THE MUSICAL WEB OF KANDER & EBB



Friday January 19, 07
by David Cuthbert, Times-Picayune Lagniappe

 

THE MUSICAL WEB OF KANDER & EBB

Insinuating, sassy siren songs at Le Petit Theatre
Friday, January 19, 2007
By David Cuthbert
Theater writer

No other songwriting team seduced an audience quite the way John Kander and Fred Ebb did; Kander with bold, mellifluous melodies and those insistent, signature vamps, Ebb with his rapturous, acerbic and surprising lyrics. They could write ravishing love songs, sweeping anthems, "big lady" torch numbers, ironic observational odes and nimbly naughty comic turns. Consummate entertainers, they saw life as show business -- as a cabaret, as vaudeville, a nightclub act and the city in which they lived and worked.

You don't come out of a Kander & Ebb show just humming a melody. You make your exit wrapped in the glow from the glorious world of the stage that they celebrated. And when the show is a revue of their songs encompassing 30 years, there are dozens of melodies, images and emotions swirling in your head.

The highest praise one can give Brandt Blocker's production of "And the World Goes 'Round: The Songs of Kander & Ebb" is that it does the duo proud. Almost every song is an event and when two or three are juxtaposed in medley and counterpoint, the effect is truly exciting. Cast with five solid singer-dancers, accompanied by a seven-piece band that sounds like an orchestra, its paneled set lit with the requisite "Razzle Dazzle," the overall effect is "Class," sass and brass.

Each of the performers gets to sing a snatch of the title number (from the film "New York, New York"), but Meredith Long gives it the big, authoritative treatment to open the show.

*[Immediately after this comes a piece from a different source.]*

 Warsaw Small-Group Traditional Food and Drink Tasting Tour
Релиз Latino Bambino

Long is a belter, who also draws another Liza showstopper, "Maybe This Time," which she delivers in a gutsy growl and then modulates to accompany both Brandi Cotogno's ballad "Isn't This Better?" ("Funny Lady") and Patrick Mendelson's "We Can Make It" ("The Rink").

One of the more interesting approaches is the modern jazz harmonics of "There Goes the Ball Game" ("New York, New York"), which segues into a '30s vamp and "How Lucky Can You Get," sung with syncopated snap by Long, the melody then slowed neurotically as the song is turned mockingly inward at its singer, à la Streisand in "Funny Lady."

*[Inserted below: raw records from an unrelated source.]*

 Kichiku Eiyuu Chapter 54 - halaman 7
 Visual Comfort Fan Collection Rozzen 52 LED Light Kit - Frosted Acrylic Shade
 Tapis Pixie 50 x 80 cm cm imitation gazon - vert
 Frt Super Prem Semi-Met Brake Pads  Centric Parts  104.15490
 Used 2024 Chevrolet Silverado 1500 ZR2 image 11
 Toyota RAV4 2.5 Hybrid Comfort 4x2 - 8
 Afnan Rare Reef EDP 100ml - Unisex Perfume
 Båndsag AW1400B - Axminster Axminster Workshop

Long is also very funny, paired with Cotogno in the peerless "Class" from "Chicago" and "The Grass Is Always Greener," which won Marilyn Cooper a Tony Award when she sang it with Lauren Bacall in "Woman of the Year."

Another powerhouse who is also a stylist is Tywon Morgan, who brings down the house performing the powerful "Kiss of the Spiderwoman," with a magical swirl of lighting. In "Mr. Cellophane" ("Chicago"), he's pursuing a follow-spot from an aisle, through the audience and onto the stage. He's got the best charm song, "Sara Lee," and leads the company in "Me and My Baby," which has a cute twist by choreographer Karen Hebert.

Because Kander and Ebb's greatest hits were staged by Bob Fosse, in the film "Cabaret" and the stage "Chicago," the great temptation is to Fosse-ize the proceedings, which Hebert never quite gives into, until the bowler and gloves finale and even then, she tweaks it.

Her busiest routine is for Trina Beck's bored housewife with Cyd Charisse legs and Mendelson's athletic boy toy in "Arthur in the Afternoon" ("The Act"). Hebert knows when to sit people on stools, when to let them stand and sing and provides one amusing, stylish touch after another. One miscalculation is "Loopin' the Loop," a lyric most people have never heard (it became the lively overture to "Chicago") and still won't, because between Cotogno's movement and indistinct delivery, it's largely lost.

But almost everything else works: "The Rink" on roller skates, naturally; Beck's exquisite "A Quiet Thing" ("Flora, the Red Menace"); Cotogno's conversational, carouselesque "Colored Lights" ("The Rink") and "Ring Them Bells" (the TV special "Liza with a Z"); Mendelson blending "I Don't Remember You" ("The Happy Time") with Morgan's "Sometimes a Day Goes By" ("Woman of the Year"). Great group numbers thread their way throughout, especially "Coffee in a Cardboard Cup" ("70 Girls, 70") performed at an ever-increasing tempo as the group gets wired, a Manhattan Transfer jazzed and scatted vocalese "Cabaret" and a multi-lingual "New York, New York" with the requisite big finish.

Blocker conducts, with Jonne Dendinger at the piano. The oddly workable production design is by Ed McIntyre, all-important lighting by Scott Sauber and Earl H. Lennie III, the sound mixed to perfection by Cliff Strohmeyer. Judy Claverie's basic black costumes are accessorized with a sense of fun and fashion.

Le Petit Theatre continues this season's unbroken all-musical winning streak. Wow. How lucky can you get?